One methodology that actually helps with both of these issues is topic modelling, which uses variation in the tendency of different sets of words or phrases to appear together to generate groups of topics that are defined as probabilities that individual words will appear. Words that are more strongly associated with a topic will be estimated as having a high probability of appearing in that topic. This technique can easily be explained to workers outside the data science field by showing the relevant lists of words associated with different collections of topics. Moreover, individuals with domain knowledge might be able to assist data scientists in interpreting the meaning of the words associated with different topics, making this technique uniquely well-suited to cross-team collaboration. Another advantage of this technique is that the LDA technique often ends up identifying concepts that would be much more difficult to define a priori. (For example, an LDA model might end up including a topic with words like "storms," "sunshine," and "showers" associated with weather, but it might be difficult to guess which words might appear in a weather-related context for corpora consisting of hundreds of thousands of pages.)

The basic goal of this blog post is threefold. First, I want to introduce this new data set with scraped information about headphones that I collected and show how it might be used to gather information about the current and historical state of the headphone market. Next, I want to briefly explain what topic modelling is, what its output might look like, and its advantages and disadvantages. Finally, I want to provide some context for how topic modelling can help organizations and data scientists extract qualitative information about a product or business from textual data.

Data:

The data that I scraped for this project was collected from Head-fi.org, a website dedicated to provide audiophiles and other fans of portable audio equipment a space to discuss different brands and products. While the website's main forum contains a huge number of reviews, I chose to focus on the "Head Gear" portion of the site, which contains descriptions and reviews for 6,813 different products listen under the main category of headphones. The descriptions are generally copied directly from manufacturers, while reviews are written by individual users. Items are also categorized on the site based on which type of headphone they represent. There are 10,301 reviews in this data set, with each reviewed product getting an average of 3.7 reviews. I used Scrapy packages in Python to extract this information from the head-fi.org site, and I used RStudio to generate the relevant plots seen below.
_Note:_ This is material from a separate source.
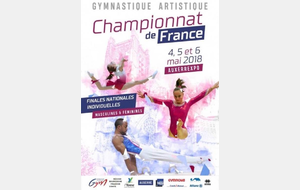 Championnat de France individuel à Auxerre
I was interested in scraping information about headphones because I had some background information about the product (I've bought a lot of headphones in my life) and so I thought it would be an interesting context to show how textual analysis could be combined with domain-specific knowledge to better understand an industry's dynamics. I also liked the huge amount of product and brand variety present in this market (it does not exhibit the amount of concentration seen in some software and professional hardware markets). The market will also likely remain the site of robust competition as other hardware markets mature and greater focus turns to the relatively advantages of different "wearable" technologies, so I think there will be some value in being able to compare my current findings with the characteristics of the head-fi.org site in the future.

I chose the head-fi.org site specifically for three reasons. First, head-fi.org managed to relatively cooperative for scraping (although they did limit the number concurrent requests I could make). Second, I really appreciated that -- as a specialist forum -- the reviews that were posted to the site generally ended up being extremely detailed in their descriptions of the products. To provide one rough illustration, there are over fifty reviews that would be over ten pages if typed and printed (meaning they have more than 34,000 characters at roughly 3,400 characters per page). Third, the site has more traffic than most of its competitors (whathifi.com, avforums.com, headphones.com, audioholics.com, etc.) according to Alexa, which suggests that this site would likely have richer data than competing forums.
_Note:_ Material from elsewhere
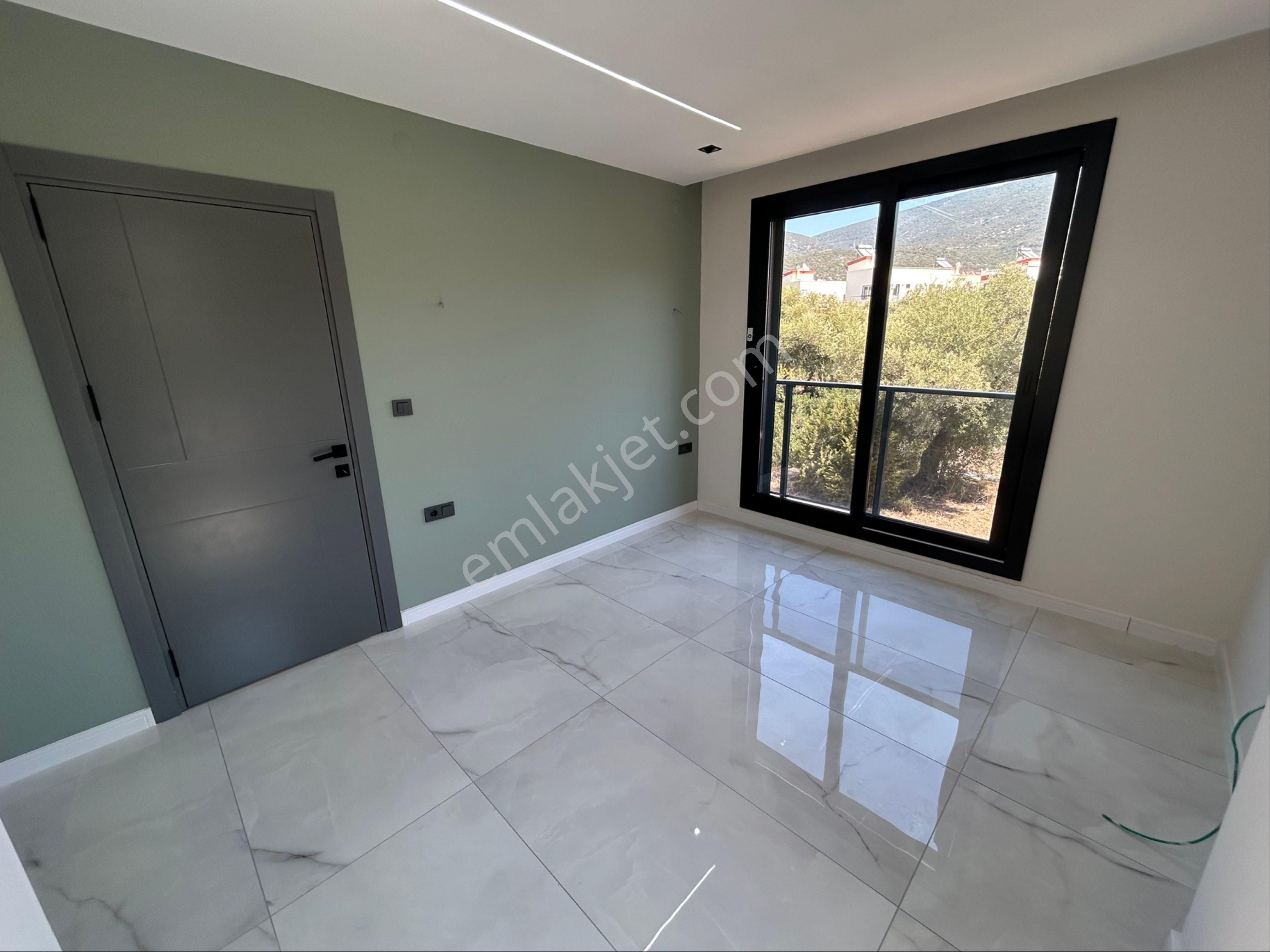 Didim Akbükte Deniz Manzaralı Villa - Görsel 23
Exploratory Data Analysis:

Before turning to how I used textual analysis methods, I want to discuss some analytical questions that could be answered without using textual analysis.

First, we can examine the distribution of ratings that are associated with Head-fi reviews, finding that it has significant skew and that the peak of the rating distribution appears around a rating of four. Given that this is an enthusiast community, this is likely explained by the fact that better informed reviewers will tend to purchase products that they like. This suggests that the explaining which products get reviews is as important as understanding which products have positive reviews to model how products gain the approval of this community.

Second, by examining the distribution of products across categories based on the date they are posted, we can examine various market trends in the market for headphones. More specifically, by examining the graph below (click to expand), we can see that the proportion of reviews categorized as over-ear and on-ear headphones has tended to fall over time, while the proportion that are universal fit or in-ear have tended to rise over time.

We can also use information from our data set to examine whether various brands produce products that are significantly better or worse than the average of all other products included in the data set. We can notice that most of the brands that are easily recognizable are either worse than average or not significantly different from average. This is attributable to the fact that specialist brands that are likely less recognizable to the readers of this blog tended to have review scores that were significantly greater than average. One last caveat is that Sennheiser had significantly more headphones in the data set than any other manufacturer, meaning that its mean value would be more precisely estimated from the data. Thus, it ended up being significantly worse than the average of other manufacturers despite having a better review score than other brands which were not significantly worse than average, implying that significance in this case is more attributable to the greater precision with which the Sennheiser mean score is estimate rather than Sennheiser products being necessarily worse than the products of other brands.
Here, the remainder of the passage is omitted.